Top of Records supplied

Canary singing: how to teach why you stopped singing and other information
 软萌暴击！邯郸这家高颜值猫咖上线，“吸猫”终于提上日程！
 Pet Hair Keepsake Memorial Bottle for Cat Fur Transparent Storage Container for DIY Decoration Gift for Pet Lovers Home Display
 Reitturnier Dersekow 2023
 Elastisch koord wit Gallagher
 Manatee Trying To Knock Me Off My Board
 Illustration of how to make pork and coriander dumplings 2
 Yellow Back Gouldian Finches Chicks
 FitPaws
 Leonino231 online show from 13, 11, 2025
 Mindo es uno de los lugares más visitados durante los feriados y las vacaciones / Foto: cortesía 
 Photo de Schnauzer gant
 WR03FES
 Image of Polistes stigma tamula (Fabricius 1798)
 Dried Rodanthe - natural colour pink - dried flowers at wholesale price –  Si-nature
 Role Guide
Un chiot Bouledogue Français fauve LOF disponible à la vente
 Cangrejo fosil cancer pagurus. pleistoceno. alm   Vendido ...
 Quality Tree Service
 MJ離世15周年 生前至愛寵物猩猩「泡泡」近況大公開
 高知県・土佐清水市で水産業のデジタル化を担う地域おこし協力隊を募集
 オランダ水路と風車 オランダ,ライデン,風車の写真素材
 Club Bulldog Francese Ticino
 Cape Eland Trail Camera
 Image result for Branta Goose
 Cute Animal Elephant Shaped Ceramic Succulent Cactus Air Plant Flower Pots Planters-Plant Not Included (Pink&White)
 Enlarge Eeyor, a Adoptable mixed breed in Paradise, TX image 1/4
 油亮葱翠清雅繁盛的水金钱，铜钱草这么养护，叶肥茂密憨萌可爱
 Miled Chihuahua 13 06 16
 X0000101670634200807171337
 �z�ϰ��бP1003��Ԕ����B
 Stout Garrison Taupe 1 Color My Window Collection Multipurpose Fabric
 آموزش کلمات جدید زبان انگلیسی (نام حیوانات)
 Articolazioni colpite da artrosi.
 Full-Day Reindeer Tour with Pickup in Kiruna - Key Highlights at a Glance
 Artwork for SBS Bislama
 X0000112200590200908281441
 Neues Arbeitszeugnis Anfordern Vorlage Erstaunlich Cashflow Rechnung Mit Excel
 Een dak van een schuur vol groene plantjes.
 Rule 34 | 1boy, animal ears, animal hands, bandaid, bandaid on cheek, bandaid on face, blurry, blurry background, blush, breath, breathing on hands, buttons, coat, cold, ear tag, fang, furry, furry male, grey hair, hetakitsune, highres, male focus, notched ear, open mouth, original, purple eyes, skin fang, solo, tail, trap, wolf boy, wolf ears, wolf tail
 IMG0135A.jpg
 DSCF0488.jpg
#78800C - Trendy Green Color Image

Bottom of Records supplied

What the exercise asks: Copy out the lines above exactly, beginning at the one that contains "高知県・土佐清水市で水産業のデジタル化を担う地域おこし協力隊を募集" and ending at the one that contains "Stout Garrison Taupe".

Exercise response:
 高知県・土佐清水市で水産業のデジタル化を担う地域おこし協力隊を募集
 オランダ水路と風車 オランダ,ライデン,風車の写真素材
 Club Bulldog Francese Ticino
 Cape Eland Trail Camera
 Image result for Branta Goose
 Cute Animal Elephant Shaped Ceramic Succulent Cactus Air Plant Flower Pots Planters-Plant Not Included (Pink&White)
 Enlarge Eeyor, a Adoptable mixed breed in Paradise, TX image 1/4
 油亮葱翠清雅繁盛的水金钱，铜钱草这么养护，叶肥茂密憨萌可爱
 Miled Chihuahua 13 06 16
 X0000101670634200807171337
 �z�ϰ��бP1003��Ԕ����B
 Stout Garrison Taupe 1 Color My Window Collection Multipurpose Fabric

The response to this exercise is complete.